| Materials provided |
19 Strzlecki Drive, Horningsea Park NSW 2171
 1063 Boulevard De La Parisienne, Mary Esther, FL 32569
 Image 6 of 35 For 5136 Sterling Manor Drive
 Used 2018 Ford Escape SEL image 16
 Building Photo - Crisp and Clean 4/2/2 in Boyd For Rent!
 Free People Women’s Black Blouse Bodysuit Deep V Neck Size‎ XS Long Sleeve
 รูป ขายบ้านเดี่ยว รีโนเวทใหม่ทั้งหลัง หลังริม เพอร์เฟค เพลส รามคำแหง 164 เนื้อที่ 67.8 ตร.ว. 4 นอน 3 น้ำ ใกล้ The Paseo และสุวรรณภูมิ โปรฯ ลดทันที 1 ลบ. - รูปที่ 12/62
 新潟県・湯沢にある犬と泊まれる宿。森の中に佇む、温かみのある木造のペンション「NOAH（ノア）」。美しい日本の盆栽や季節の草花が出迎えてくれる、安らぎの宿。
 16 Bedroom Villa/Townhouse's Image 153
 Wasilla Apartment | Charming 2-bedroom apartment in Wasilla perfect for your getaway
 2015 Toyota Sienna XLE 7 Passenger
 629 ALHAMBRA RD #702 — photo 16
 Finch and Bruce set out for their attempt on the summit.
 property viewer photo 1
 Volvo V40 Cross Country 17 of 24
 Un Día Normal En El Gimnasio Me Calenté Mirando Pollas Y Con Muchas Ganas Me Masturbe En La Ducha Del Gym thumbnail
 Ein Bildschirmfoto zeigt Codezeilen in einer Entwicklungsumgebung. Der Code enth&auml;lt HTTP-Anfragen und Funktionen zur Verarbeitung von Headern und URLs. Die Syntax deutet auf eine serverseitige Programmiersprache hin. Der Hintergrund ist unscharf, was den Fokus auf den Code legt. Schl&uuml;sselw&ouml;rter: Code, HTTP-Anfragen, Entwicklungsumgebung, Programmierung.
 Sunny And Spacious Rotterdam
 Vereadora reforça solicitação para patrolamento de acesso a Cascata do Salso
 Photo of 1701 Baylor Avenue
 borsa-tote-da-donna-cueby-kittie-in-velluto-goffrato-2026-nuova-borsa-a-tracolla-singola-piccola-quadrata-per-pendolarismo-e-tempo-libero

| Try it |
Starting with the first line of the listing above, copy each line exactly until you have copied the line containing "Un Día Normal". Stop there.

| Solution to the exercise |
19 Strzlecki Drive, Horningsea Park NSW 2171
 1063 Boulevard De La Parisienne, Mary Esther, FL 32569
 Image 6 of 35 For 5136 Sterling Manor Drive
 Used 2018 Ford Escape SEL image 16
 Building Photo - Crisp and Clean 4/2/2 in Boyd For Rent!
 Free People Women’s Black Blouse Bodysuit Deep V Neck Size‎ XS Long Sleeve
 รูป ขายบ้านเดี่ยว รีโนเวทใหม่ทั้งหลัง หลังริม เพอร์เฟค เพลส รามคำแหง 164 เนื้อที่ 67.8 ตร.ว. 4 นอน 3 น้ำ ใกล้ The Paseo และสุวรรณภูมิ โปรฯ ลดทันที 1 ลบ. - รูปที่ 12/62
 新潟県・湯沢にある犬と泊まれる宿。森の中に佇む、温かみのある木造のペンション「NOAH（ノア）」。美しい日本の盆栽や季節の草花が出迎えてくれる、安らぎの宿。
 16 Bedroom Villa/Townhouse's Image 153
 Wasilla Apartment | Charming 2-bedroom apartment in Wasilla perfect for your getaway
 2015 Toyota Sienna XLE 7 Passenger
 629 ALHAMBRA RD #702 — photo 16
 Finch and Bruce set out for their attempt on the summit.
 property viewer photo 1
 Volvo V40 Cross Country 17 of 24
 Un Día Normal En El Gimnasio Me Calenté Mirando Pollas Y Con Muchas Ganas Me Masturbe En La Ducha Del Gym thumbnail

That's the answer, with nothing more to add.